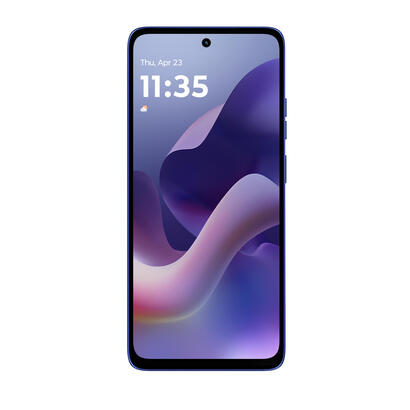 smartphone-motorola-moto-g56-5g-8-gb-256-gb-dazzling-blue
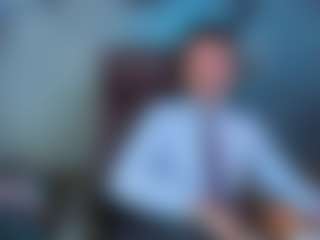 SteveTiger's Live Sex Cam Show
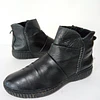 Clarks , cuero , 36 1
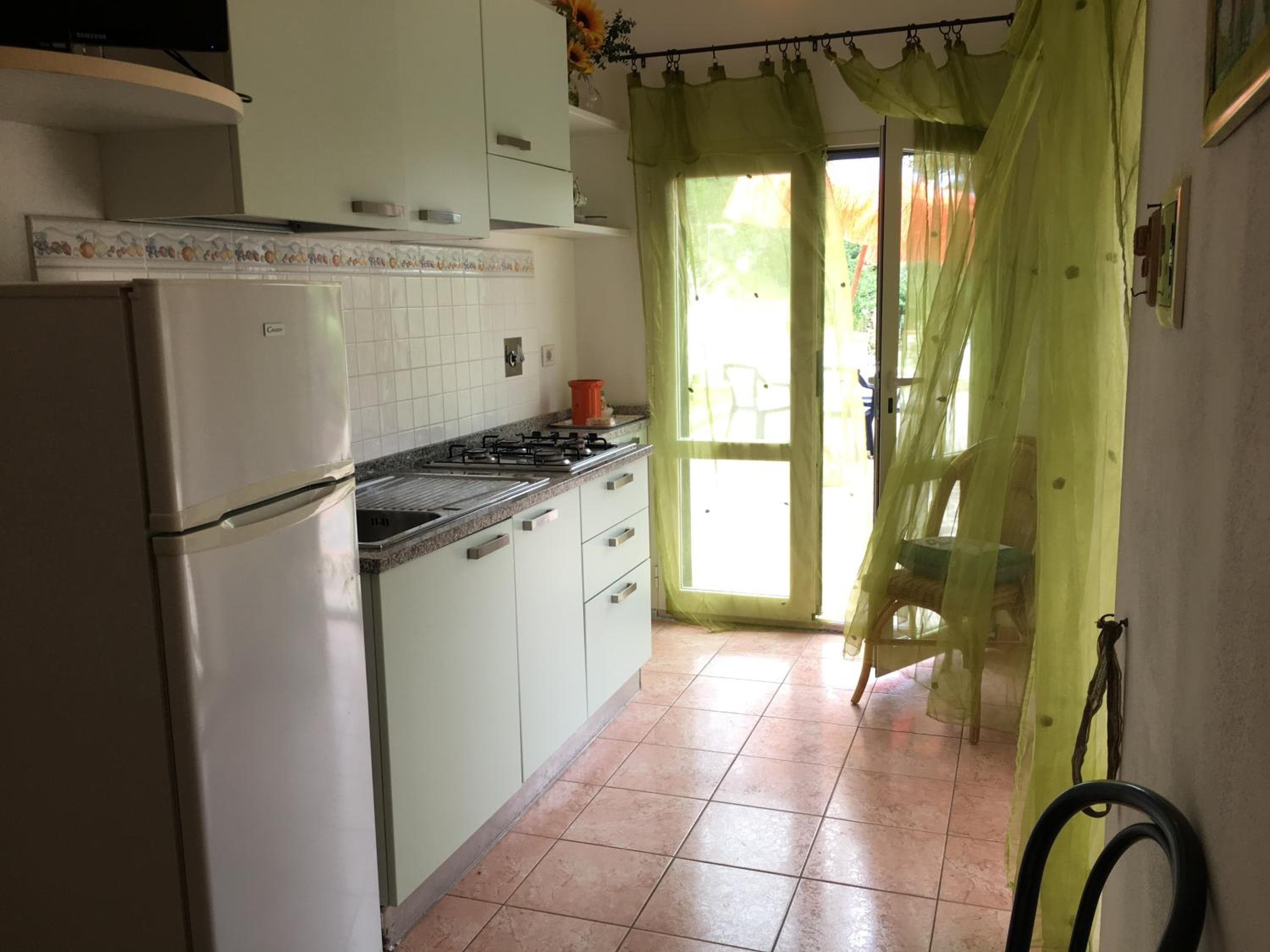 Mandel Residence by Mandel Club, Capoliveri, photo 6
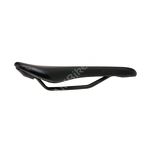 Siodło Ergon Sm Comp Man S/M Stealth - 4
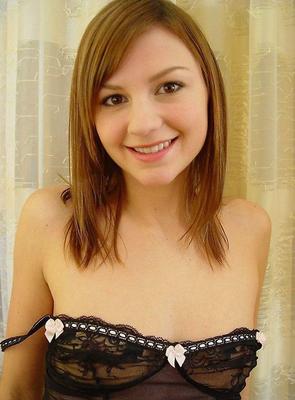 Josie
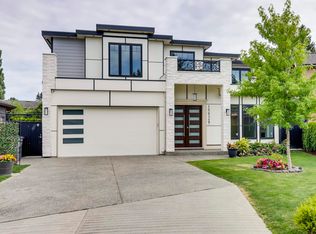 15632 Bowler Pl, Surrey, BC V4A9G7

====

▸ **Task requirements**
Apart from the pictures, return the records exactly.

▸ **Written solution**
 smartphone-motorola-moto-g56-5g-8-gb-256-gb-dazzling-blue
 SteveTiger's Live Sex Cam Show
 Clarks , cuero , 36 1
 Mandel Residence by Mandel Club, Capoliveri, photo 6
 Siodło Ergon Sm Comp Man S/M Stealth - 4
 Josie
 15632 Bowler Pl, Surrey, BC V4A9G7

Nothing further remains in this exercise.